Most importantly, they are rumoured to taste far from disagreeable – briny, sweet and oxidised maybe, but perhaps this is how the nectar of the gods is supposed to taste; maybe this was how Poseidon preferred to take his fizz. Here we enter Atlantis; here myth and reality coincide, salty grist to the mill of Champagne’s marketing machine. Sparkling, magical realism.
Michel Drappier from the Aube was the first magus convert; he took Champagne to the top of the Eiffel Tower, then up one of the higher Alpine mountains and finally, rather prosaically, on a 1,000-kilometre car journey, where the bottles clanked along, morose, in the boot.
I was recently invited to taste Taittinger Comtes de Champagne in a hot air balloon, in order to ascertain the influence of altitude on gustatory sensation. I didn’t discern much difference, but the wine was indeed sensational.
But let us return to M Drappier, who concluded that a decrease in air pressure, as at altitude, causes the carbon dioxide within the bottle to disperse more rapidly. He inferred that the optimum conditions were where the pressure inside and out of the bottle were the same, somewhere around 6 bars, and that this could only be achieved under water, where the ambient temperature should be constant (as in the chalky cellars of Reims) and the environment should eschew light.
Pressure is, apparently, directly linked to the volume of salt in the sea, and experiments, somewhat fortuitously led both Messrs Drappier – and subsequently, Leclerc Briant – to the northwest coast of France. Here we find our 20,000 bottles under the sea; here is where the corsair should comb the waters for the fool’s gold.
Leclerc Briant is the latest producer to try out this worthy experiment. The producer does not lack pedigree, and, as one of the very first properties to subscribe to organic and then biodynamic viticulture, its portfolio has always been close to nature.
Winemaker Hervé Jestin is adamant that the subaqueous maturation is beneficial precisely because the gentle undulating movements of the sea, the dynamising energy of perpetual motion, provides a logical extension of the biodynamic philosophy, which cleaves to lunar cycles and tidal patterns.
The wine in question, christened Abyss, is child of the 2013 vintage, bottled in July 2014, disgorged in March 2017 and submerged for a year in June of that year. Unlike Widow Clicquot’s 170-year-old brew, there was no sugar added to Abyss, its blend shared equally by Pinot Noir, Pinot Meunier and Chardonnay, the grapes selected from sites with specifically chalky calcareous soils to mirror and complement the Atlantic environment.
A good deal of effort, investment and imagination have been expended here, clearly, but is the wine any good?
In general, the consensus seems unclear for wines brought up thus.
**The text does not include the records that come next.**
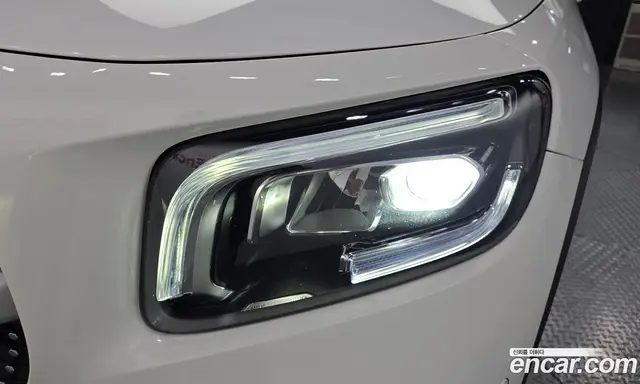 Mercedes-Benz GLB-Class 2022 2.0 автомат (гидро), миниатюра 8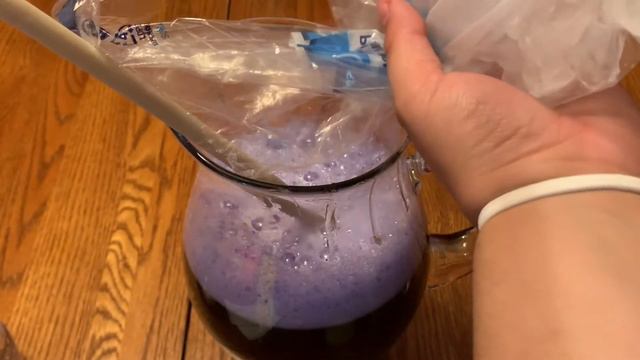 Sprinkles Video 1: S.T.E.M. Colour Changing Lemonade and the Science of Yeast смотреть онлайн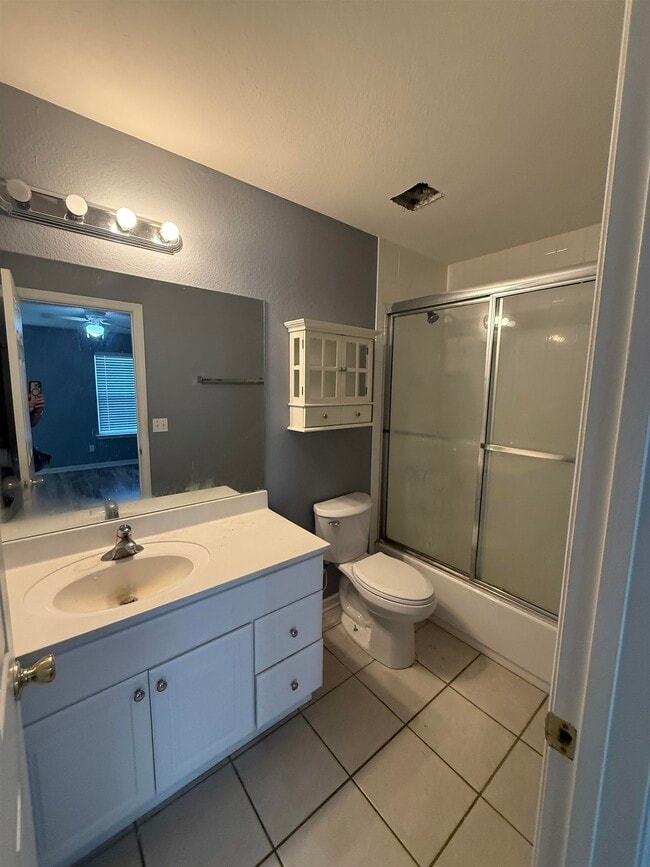 Building Photo - 36 Evans Ave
Some advocate that the freshness of the wines is enhanced; others maintain that the maturity is accelerated, often in positive terms, with complexity and richness evidenced more quickly. Positives both, but somewhat contradictory and reflecting, for sure, a lack of conclusive empirical evidence. The medium is the message, perhaps.
In the case of the Abyss, one certainly discerns harmony and balance rare in a still young 2013, allied with obligatory descriptors of oyster shells, salinity and so forth. In short, I was impressed and judged the wine a worthy addition to the canon of this illustrious House, presented elegantly, barnacles and all, with of course a far from modest price tag.
It is childish to extract a philosophy of “aqueoir” to mirror that of terroir, but unwise to overlook this phenomenon altogether. Over time the secrets of the deep will reveal themselves more, and this revelation will not want for interest.
A taste of the deep
2013 Champagne Leclerc Briant, Abyss, Brut Zéro: Aged for 15 months in the depths of the ocean, Abyss is a blend of 34% Pinot Noir, 33% Pinot Meunier and 33% Chardonnay, with zero dosage. Pinky gold in hue, the wine has a deep, rich nose – with the slightest hint of oxidation. The palate is similarly rich. Full-bodied and dry, it’s quite tertiary and saline, but totally compelling with a long, fine finish. Intriguing.